Numerous stories are available about the Vietnam War, especially with the current conflicts in Iraq and Afghanistan. We hear heroic stories about the fallen and the survivors. But there were other American faces who were deeply entrenched in the affairs overseas, whose stories are rarely told. Phyllis Zimbler Miller tells us about the devoted wives of those soldiers in her novel Mrs. Lieutenant.
Told from the points-of-view of four women, Miller touches on the courage, fear, heartbreak, and inequality of men and women during the Vietnam conflict. Sharon Gold is a Jewish woman from the North, who is opposed to the War, yet fell in love with and married an ROTC officer. Kim Benton is a Southern Baptist from North Carolina who lost most of her family at a young age, and relies on her insanely jealous husband Jim for love and support. Donna Lautenberg is a Puerto Rican army brat who married a white man. Wendy Johnson is a black woman who grew up in the South, where her doctor dad and devoted mother tried to shield her from the racism so pronounced down there.
Under normal circumstances, the odds are low that these four women coming together as friends during this time period. But they have a couple of fundamental things in common. Each is a misfit of sorts within the society at Fort Knox. And they are bound by intense love for their husbands, and fears of them being sent to Vietnam.
The four women learn how to take on their new roles as Army wives by following rules set forth within a book called, "Mrs. Lieutenant." They share a few of their hopes and dreams, but each one is hiding a secret. Truth comes to light as they get to know one another and learn how to relinquish their former prejudices and ideas.
The almost 500 pages pass by quickly as you delve into the lives of these four women and their husbands. It takes a while to keep each woman straight, especially when so many other characters make brief appearances throughout the story. But each character comes to life in Miller's storytelling, almost as if these were women she really knew once upon a time. Phyllis Zimbler Miller was also once a "Mrs. Lieutenant," and presumably drew upon those experiences to tell her story. The book is dedicated to the wives of AOB 21 during the same timeframe as the book. Sharon Gold, the first character to whom we are introduced, even talks about keeping a diary of her experiences at Fort Knox to later write about them.

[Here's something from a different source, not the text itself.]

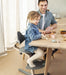 STOKKE® NOMI® CHAIR NATURAL - GREY HIGH CHAIRS STOKKE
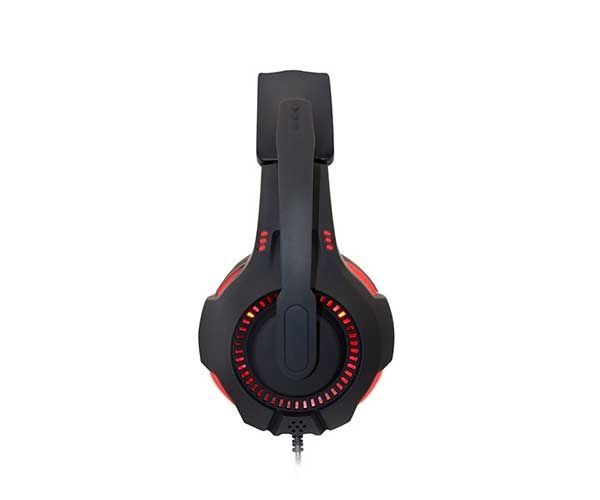 Headset Gamer Havit Magic Eagle Ultra Light 3.5 mm USB Preto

You become concerned for each woman and feel her pain as she must come to terms with different decisions made by her husband. You reflect on your own opinions of war, whether it is Vietnam, WWII, or today, as especially the men demonstrate different ideas of the time. You also reflect upon the friends in your own life and all of your preconceived notions and stereotypes.
Mrs. Lieutenant is going to appeal to women more than men. But it allows women a different way to try to relate to the Vietnam War, and introduces it to them in a way that is perhaps more palatable than other war novels. It's also soft enough to teach teenagers and young adults about the era. While I enjoy reading war novels, I did appreciate how this one told the story from a completely different point-of-view.